● ACTION ITEM
Without including any pictures, copy each entry below exactly.

● INPUT FOR THIS TASK

*** Begin section ***

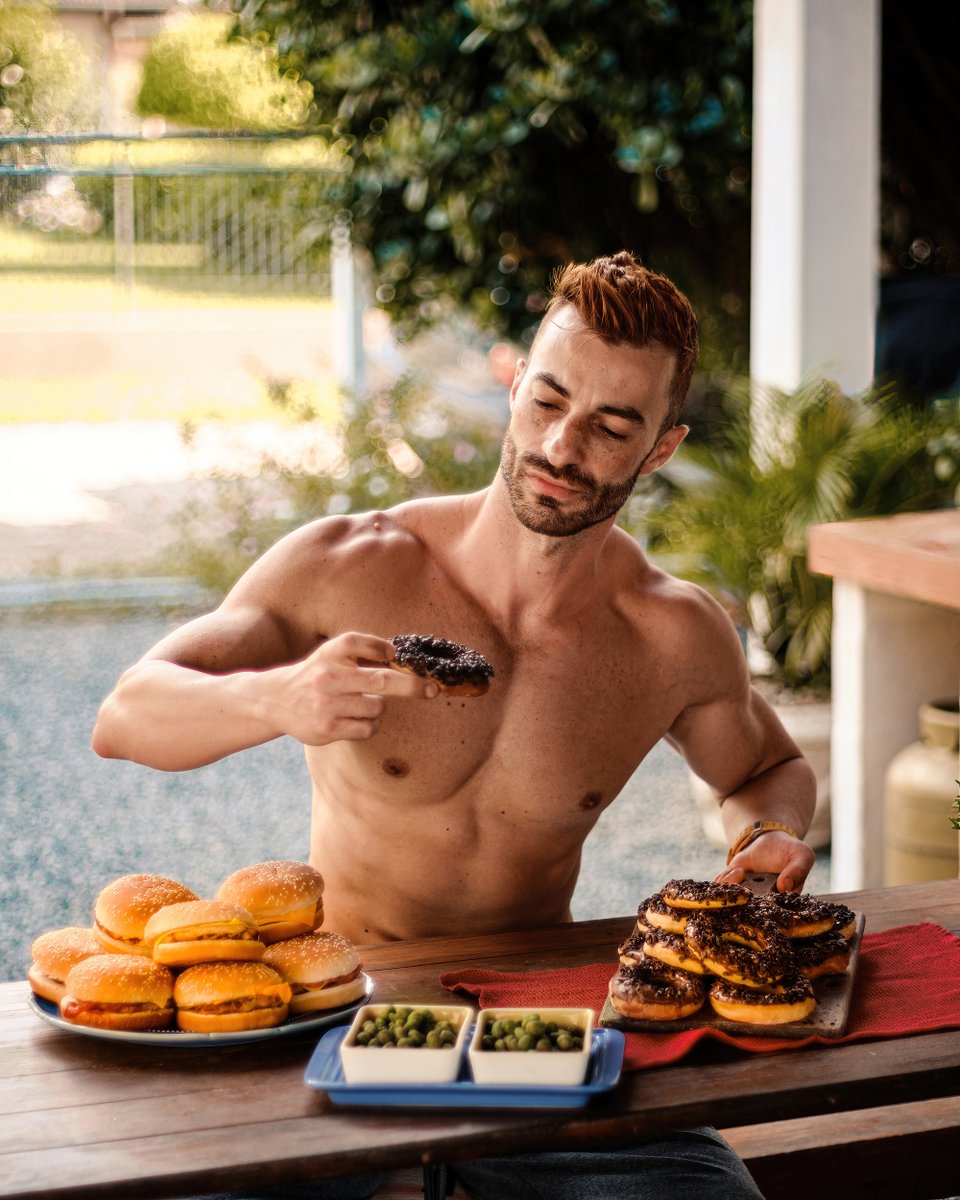 🍩 Donuts na AirFryer virou minha nova paixão 😋 Eu mesmo faço em casa e deixo a massa congelada... Daí é só esperar o dia do lixo e mandar pro abraço hahaha
.
.
.
#fodaseopadrao #bodybuilder #fitnessmodel #bodybuildingmotivation #fisiculturismo #fitnessadict #fitnessfreak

*** End section ***

● FINISHED TASK
 🍩 Donuts na AirFryer virou minha nova paixão 😋 Eu mesmo faço em casa e deixo a massa congelada... Daí é só esperar o dia do lixo e mandar pro abraço hahaha
.
.
.
#fodaseopadrao #bodybuilder #fitnessmodel #bodybuildingmotivation #fisiculturismo #fitnessadict #fitnessfreak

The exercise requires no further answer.